▶ _To do_
Could you transcribe exactly the lines from the one containing "60 Essentials of" through the last line of the records below, leaving out the pictures?

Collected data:
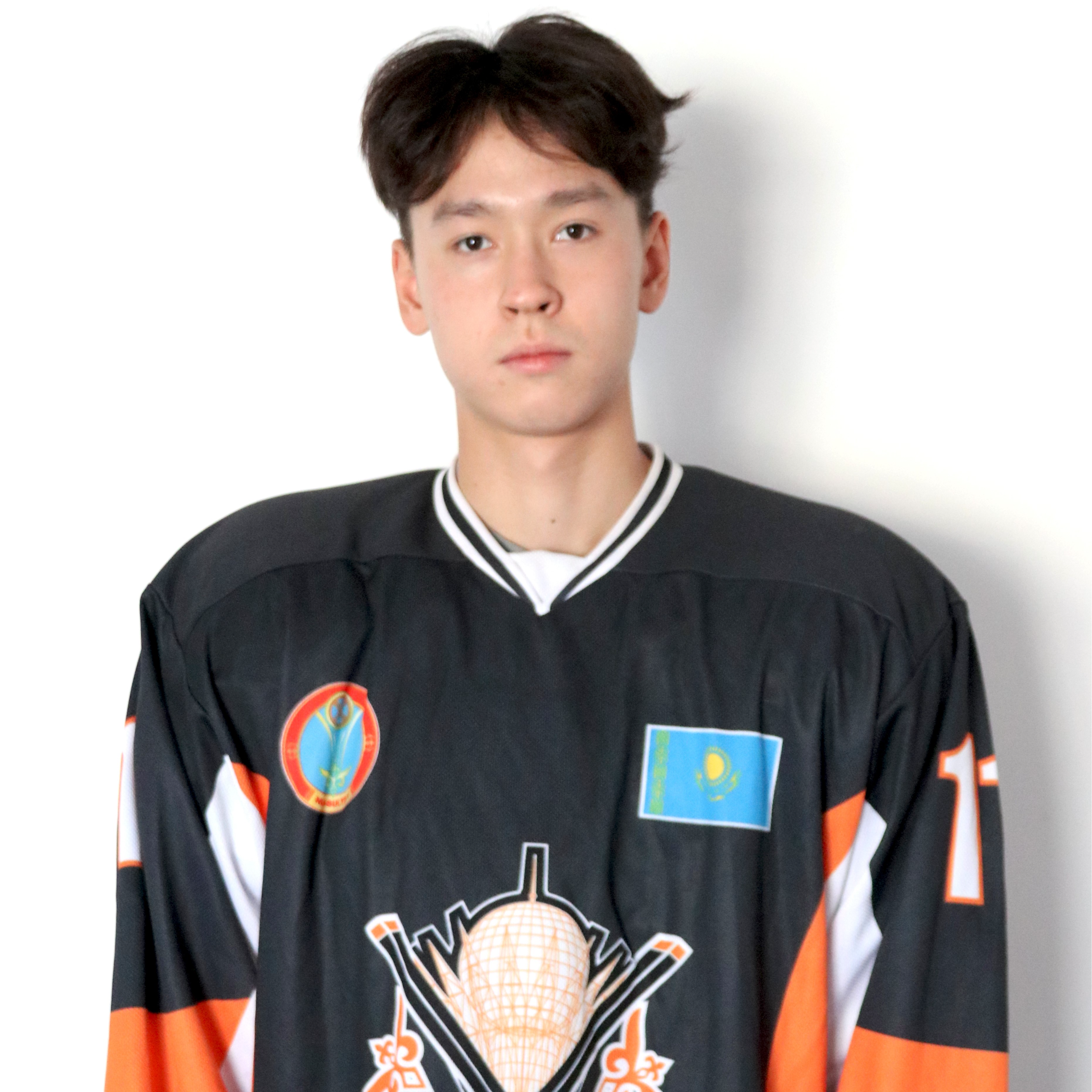 Смагулов Нияз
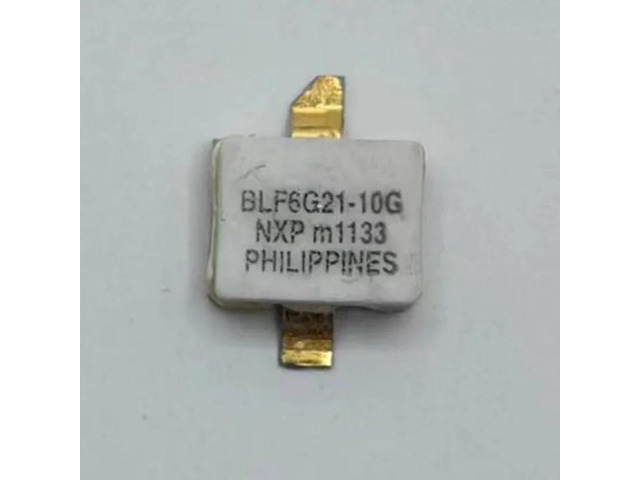 BLF6G21-10G BLF6G21-10 2110-2170MHZ 10W Power LDMOS transistor RF Tube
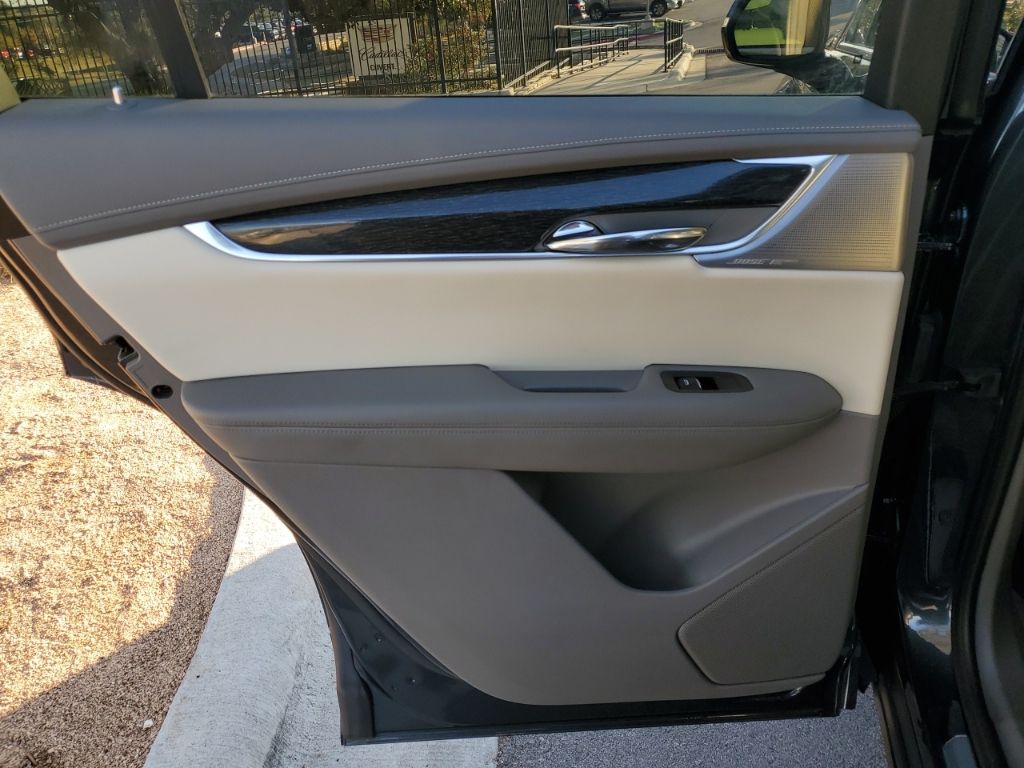 Used Car 2020 Cadillac Xt6  Premium Luxury For Sale Under $25,000 In Austin, Texas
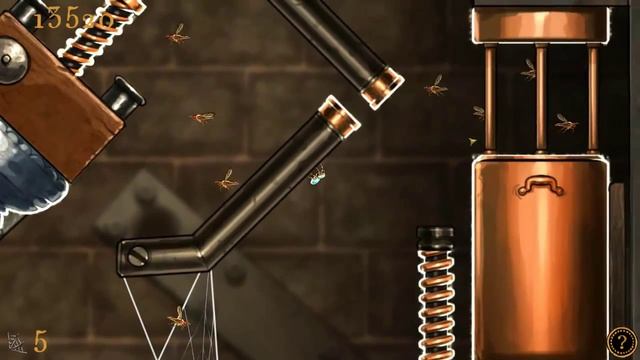 Spider: Rite Of The Shrouded Moon Gameplay - Part 22 - More Machine Shop! смотреть онлайн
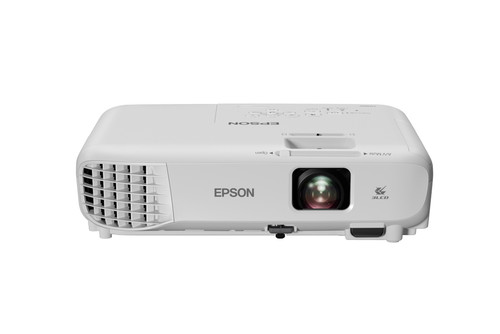 Vidéoprojecteur epson w06 - vidéoprojecteur, eb-w06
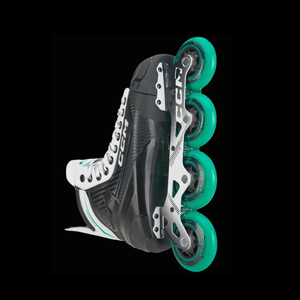 CCM Jetspeed FT850R Inline Skates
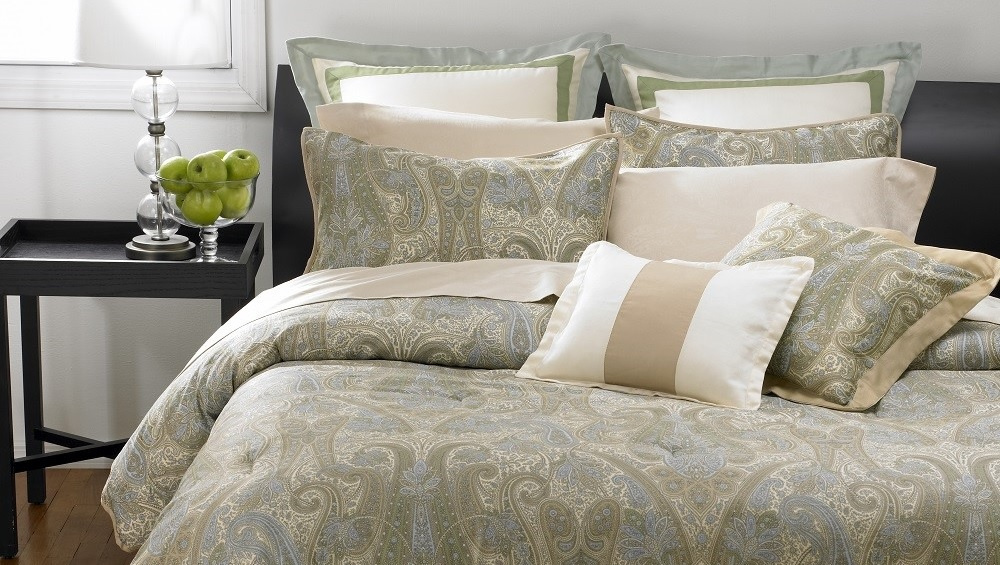 Bedding manufacturing business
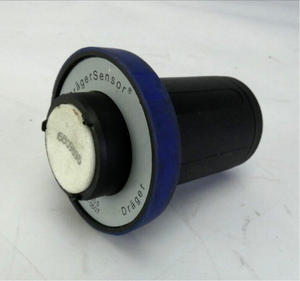 Capteur de dioxyde de carbone CO2 de remplacement Draeger 6810889 pour X-am 5000 - Product Image 5
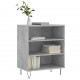Sonata H Бюфет бетонно сив 57x35x70 см инженерно дърво Sonata H Бюфет бетонно сив 57x35x70 см инженерно дърво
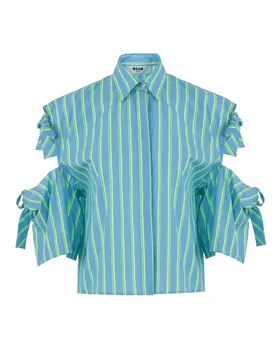рубашка MSGM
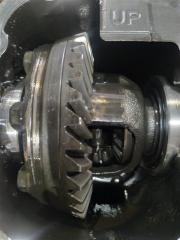 Редуктор задний TOYOTA MARK II JZX101 2JZ-GE 4.1 5 ракурс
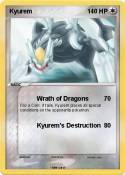 Kyurem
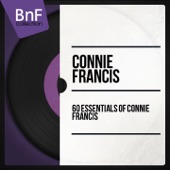 60 Essentials of Connie Francis (Mono Version) artwork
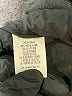Theory Solid Gray Wool Skirt Size 10 - photo 5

▶ _Written solution_
 60 Essentials of Connie Francis (Mono Version) artwork
Theory Solid Gray Wool Skirt Size 10 - photo 5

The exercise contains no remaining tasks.